Kedua, ketakwaan secara sosial atau dalam konteks negara. Allah SWT berfirman:
وَلَوْ أَنَّ أَهْلَ الْقُرَى ءَامَنُوا وَاتَّقَوْا لَفَتَحْنَا عَلَيْهِمْ بَرَكَاتٍ مِنَ السَّمَاءِ وَالْأَرْضِ وَلَكِنْ كَذَّبُوا فَأَخَذْنَاهُمْ بِمَا كَانُوا يَكْسِبُونَ
Seandainya saja penduduk negeri-negeri itu beriman dan bertakwa, Kami pasti melimpahkan kepada mereka berkah dari langit dan bumi. Namun, mereka mendustakan (ayat-ayat Kami) itu sehingga Kami pun menyiksa mereka akibat perbuatannya itu. (QS al-A’raf [7]: 96).
Ayat ini berbicara tentang ketakwaan penduduk negeri secara kolektif, bukan secara personal. Karena itu, ayat ini menggambarkan masyarakat/negara pun harus menjalankan perintah Allah dan menjauhi larangan-Nya; harus menjadi masyarakat dan negara yang ‘bertakwa’. Dengan kata lain, masyarakat dan negara harus menerapkan dan menegakkan syariah Islam.
Terkait peradilan/persanksian, misalnya, ada hukum qishâsh, potong tangan bagi pencuri, cambuk seratus kali bagi pezina ghayru muhshân, rajam bagi pezina muhshân, cambuk bagi peminum khamr, hukuman bagi mafia pembakar pasar, dsb.
Dalam ekonomi ada hukum tentang kepemilikan, pengelolaan kekayaan milik umum, penghapusan riba dari semua transaksi, pemenuhan kebutuhan pokok rakyat, pemberian alternatif tempat tinggal dan tidak sembarang menggusur, tidak boleh menjual pulau kepada pihak asing dengan alas aninvestasi pariwisata, dsb.
Dalam Politik Luar Negeri ada hukum tentang dakwah ke luar negeri dan jihad, tidak menyerahkan kedaulatan dengan tunduk pada perjanjian yang merugikan seperti kasus DCA, dsb. Dalam hal kewarganegaraan, ada hukum tentang status kafir dzimmi, musta’min, mu’âhad, dll.

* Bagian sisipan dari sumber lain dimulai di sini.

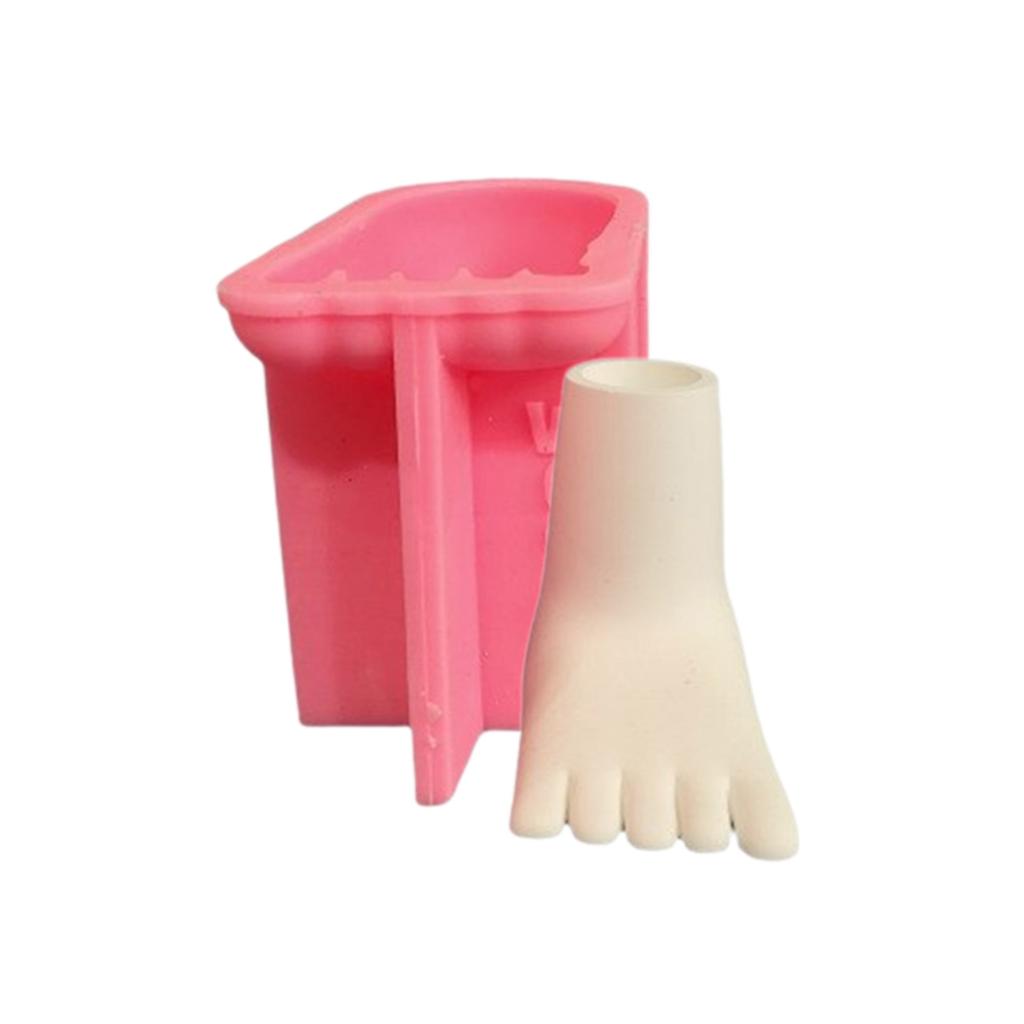 Foot Shaped Candle Holder Mold Flexible Silicone Candle Stand Molds Handmade Concrete Planter Cement Mold for Enthusiast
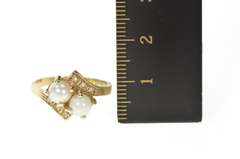 10K Yellow Gold Two Pearl Diamond Accent Bypass Engagement Ring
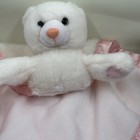 My Banky Lovey Baby Security Blanket Bear Kisses Plush Pink Nylon Satin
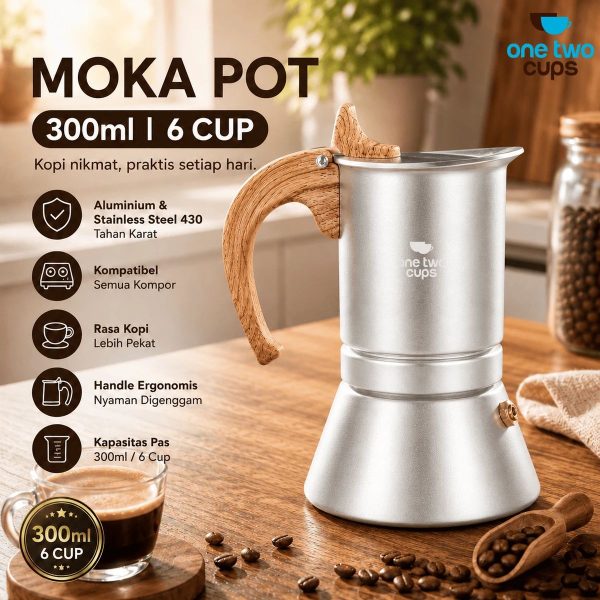 One Two Cups Moka Pot Teko Kopi Espresso Coffee Maker Stovetop 6 Cup 300ml - Z75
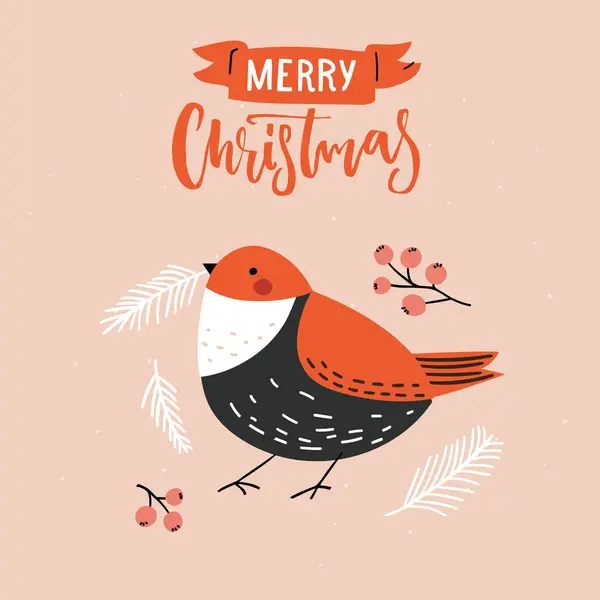 Frohe Weihnachten Grußkarte Vogel Mit Fichtenzweigen Und Beeren Dekorative Vektorillustration — Stockvektor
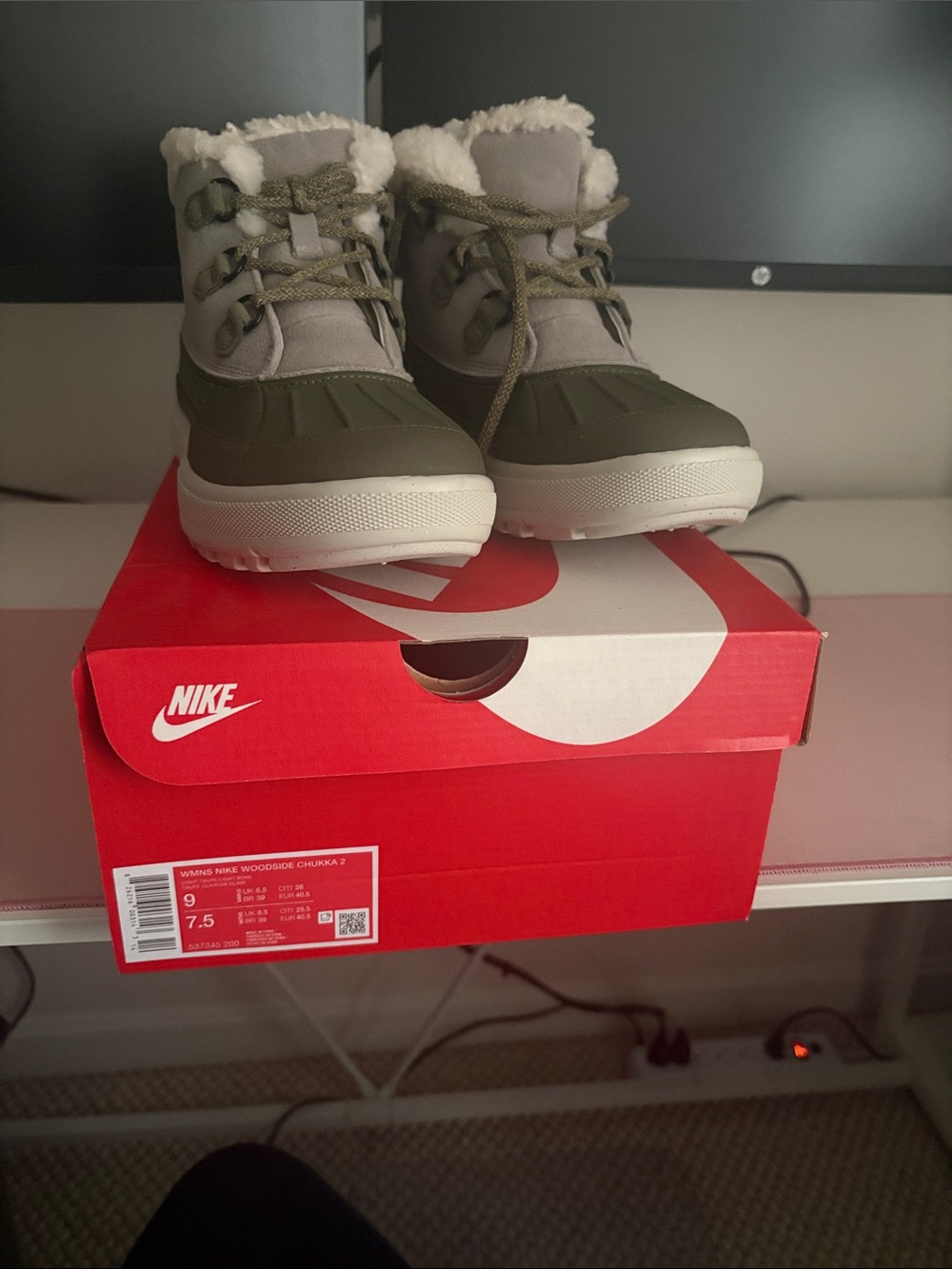 Nike Women’s Olive Green and Light Gray Faux Fur Winter Boots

Ringkasnya, bulan Ramadhan adalah bulan untuk menggapai rahmat dengan cara mewujudkan ketakwaan personal maupun kolektif/sosial atau dalam konteks negara. Karena itu, pada bulan ini sejatinya terjadi peningkatan keberpihakan umat Islam pada penegakkan syariah sekaligus upaya memperjuangkan penerapannya. Bulan Ramadhan hendaknya menjadi momentum untuk semakin membersihkan pikiran dan mensucikan hati hingga memiliki daya pembeda antara haq dan yang batil sekaligus mengikuti kebenaran Islam dan menjauhi ajakan setan, baik yang berwujud jin maupun manusia.

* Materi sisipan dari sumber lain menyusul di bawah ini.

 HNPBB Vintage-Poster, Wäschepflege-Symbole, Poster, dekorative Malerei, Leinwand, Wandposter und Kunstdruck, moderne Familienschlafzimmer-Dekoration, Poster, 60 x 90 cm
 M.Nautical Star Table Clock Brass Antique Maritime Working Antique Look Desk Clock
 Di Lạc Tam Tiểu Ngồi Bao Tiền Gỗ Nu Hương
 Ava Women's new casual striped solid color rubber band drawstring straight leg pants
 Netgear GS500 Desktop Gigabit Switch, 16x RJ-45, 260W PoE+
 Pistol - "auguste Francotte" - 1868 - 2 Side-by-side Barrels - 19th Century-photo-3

Karena itu, umat Islam tidak akan mengikuti ajakan Presiden AS, George W. Bush, yang secara terbuka mengajak para pemimpin negeri-negeri Muslim untuk memerangi upaya penegakan Islam melalui penerapan syariah dan Khilafah. “We should open new chapter in the fight againts enemies of freedom, againts who in the beginning of XXI century call Muslims to restore caliphate and to spread sharia (Kita harus membuka bab baru perang melawan musuh kebebasan, melawan orang-orang yang di abad ke 21 menyerukan kaum Muslim untuk mengembalikan Khilafah dan menyebarluaskan syariah),” ungkapnya seperti dikutip dalamwww.demaz.org.

Wahai Kaum Muslim:
Setiap tahun Ramadhan menyapa kita. Lalu adakah peningkatan kualitas keimanan dan ketakwaan dalam diri kita? Adakah tambahan kerinduan dan upaya untuk menggapai rahmat Allah Yang Maha Penyayang? Makin membuncahkah iman kita dari tahun ke tahun atau biasa-biasa saja? Kita shaum pada bulan yang satu, berhari raya pada saat yang satu, berhaji pada bulan yang juga satu; Tuhan kita satu, al-Quran kita satu, teladan kita Nabi Muhammad saw. satu, dan kiblat kita satu. Lalu adakah kerinduan dalam diri kita untuk menjadi umat yang satu dan hidup dalam ketakwaan yang makin membahana dalam lubuk hati kita?
Marilah kita reguk keberkahan Ramadhan dengan ibadah dan perjuangan untuk menegakkan Islam secara kâffah[]
Komentar:
Jadikan Ramadhan sebagai momentum penegakkan syariah dan khilafah.